The student died of her injuries and thousands of people took to the streets in nationwide protests against the prevalence of rape and sexual assault in the world’s largest democracy.
A number of shocking incidents have since been highlighted in Indian media, most recently the case of 20-year-old woman who said she was gang-raped in a rural area of West Bengal in eastern India on the orders of a village court last week.
Mirje, who is a member of the state women’s commission, said in reference to the Delhi assault: “Did Nirbhaya really have go to watch a movie at 11 in the night with her friend?”
“Nirbhaya”, a Hindi word meaning “fearless”, has been widely adopted by the Indian media as a name for the victim.

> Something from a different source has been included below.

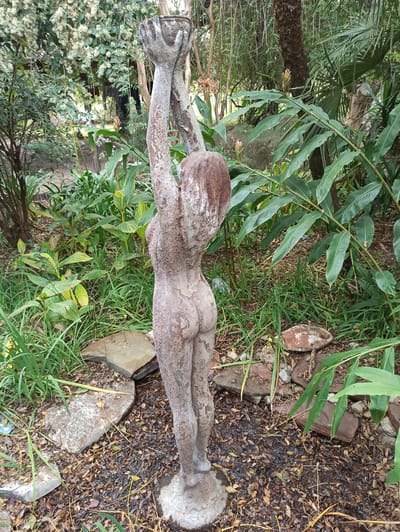 A weathered, nude female statue stands outdoors, centered in the frame. She is facing away from the viewer, with her arms raised above her head, holding what appears to be a bowl or vessel. The statue is textured and shows signs of age and outdoor exposure, with a reddish-brown patina. She stands on a round, rough base.

The statue is situated in a garden environment. The ground around her is covered with fallen leaves and twigs, interspersed with patches of grass and several flat stones of various sizes. Some of these stones are partially submerged in what appears to be standing water, suggesting recent rainfall or irrigation.

The background is lush with vegetation. To the left, a tree with delicate white blossoms is visible, and various green plants and foliage fill the middle ground. To the right, larger, broad-leafed plants dominate the scene, with palm-like fronds in the distance. The overall impression is a somewhat overgrown, naturalistic garden setting. The lighting suggests it is daytime, possibly overcast, with diffused light. The location is specified as Randburg, South Africa.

She also commented on the gang rape of a photojournalist who was on assignment at a disused mill in Mumbai last year, asking why the victim had gone to such an isolated place.
“Rapes take place also because of a woman’s clothes, her behaviour and her presence at inappropriate places,” she said.
Women must be “careful”, she said, and think if they are inviting assault.
Sexual violence has become a huge social and political issue since the Delhi rape and India toughened laws on sex crimes in March last year. Public anger over the poor state of women’s safety in Delhi was one reason that the ruling Congress Party was wiped out in local elections in the city last month.
Mirje’s party belongs to the Congress-led national coalition government and her comments caused an immediate stir, with several television reports pouring scorn on her.
"Every time such a statement is made by a public figure it justifies rape," Kavita Krishnan, secretary of the All India Progressive Women's Association, a lobby group, said.
“It’s unconscionable that people in public posts make such remarks.”
While Mirje is thought to be the first senior female public figure to make such comments about the Delhi rape, other members of commissions looking after women’s affairs have made similar remarks about less high-profile attacks.
“Mirje is reflecting what is a much larger problem. There are many others who hold such views,” Krishnan said.
Mamata Banerjee, chief minister of West Bengal, initially dismissed a gang rape in her state in 2012 as a fabricated incident aimed at tarnishing her government.
Assaults have tarnished the reputation of a country that has enjoyed growing prosperity in the past decade and is modernising fast. Still, Mirje’s comments were a reminder that conservative and traditional mores are still deeply held by many of its 1.2 billion people, women as well as men.
In the most recent case involving a foreigner, a 51-year-old Danish tourist was gang-raped in the back-packers’ district of Delhi last month by men she asked for directions to her hotel.